Court: I just want to flesh that out just a little bit. So were you not trying to get the kids away from him when you did this? Was that not part of what you were doing?
Anderson: That is correct.
Court: That's correct that that's not what you were – that wasn't the goal?
Anderson: That was not the goal.
Court: It was just to get his attention?
Anderson: Yes.
Court: Okay. Explain what you mean when you say you're doing this to get his attention.
Anderson: I have spent many years trying to speak to him, talk to him, help him, suggest therapy, AA, whatever is needed to work through his demons. I know that he is deeply troubled, he has expressed, you know, thoughts of self-harm, and he harbors a lot of anger, to who exactly I'm not sure, but every single time I do that he dismisses me, he says it's all in my head, if I want to go to therapy I should go by myself, clearly I have a problem with him, and that I'm responsible for my own misery.

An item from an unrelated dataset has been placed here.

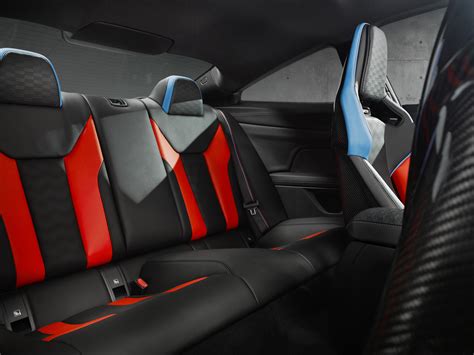 2022 BMW M4 Competition x Kith - Interior, Rear Seats Wallpapers #23 - MotorTread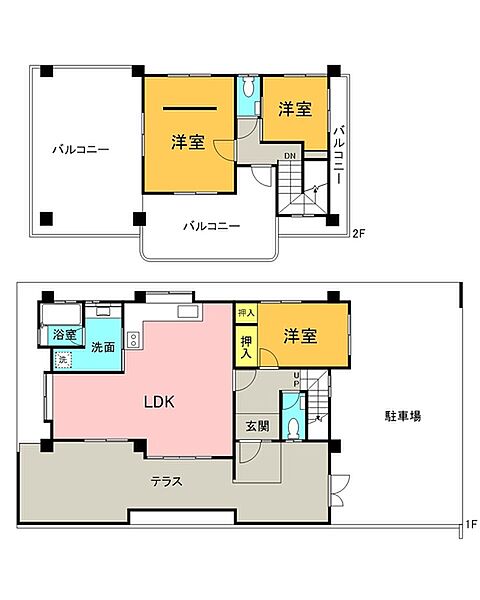 間取り：347000082962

Court: And so your idea is, by taking this act, it forces him to look in the mirror? Is that –
Anderson: Well, so being alone in the house, realizing how much I did for him, the cleaning, the cooking, the organizing, the laundry, going grocery shopping, all that stuff being by himself for a little bit he would see how much I actually brought to the table, and so my concerns were valid.
Court: So then is your concern, or was your concern more about your relationship with him and him appreciating you as a wife than it was about, at that point, in removing them for the benefit of the kids or for the welfare of the kids?
Anderson: This was never about the children.
Court: So you didn't remove them from the situation because of your concern that he would harm the children?
Anderson: Correct.
Based on the Court's observations, Respondent's concerns for her husband's use or abuse of alcohol and the anger it appears to cause in him are well-founded. But, given the purposes of the Hague Convention, moving his children to another country was not an appropriate way to "get his attention," which she acknowledges was her primary objective. Her words also undercut the notion that she genuinely perceives that the children would be subject to a grave risk of harm if returned to France.
In sum, evidence of Petitioner's treatment of Respondent is certainly troubling and it is tempting for the Court to assume the role of a family judge and make custody determinations with the best interests of the children in mind. But that is not the Court's role here. Instead, applying the principles of the Hague Convention, the Court concludes that Respondent wrongfully removed the children from their habitual residence, that she breached Petitioner's custodial rights, and that Petitioner was exercising those rights at the time of removal. Additionally, the grave risk of harm exception does not apply. It is left for the appropriate authority in the appropriate jurisdiction to make any further determinations.
III. CONCLUSION
For the foregoing reasons, the Court will grant the Petition, ECF No. 1. A separate Order shall issue.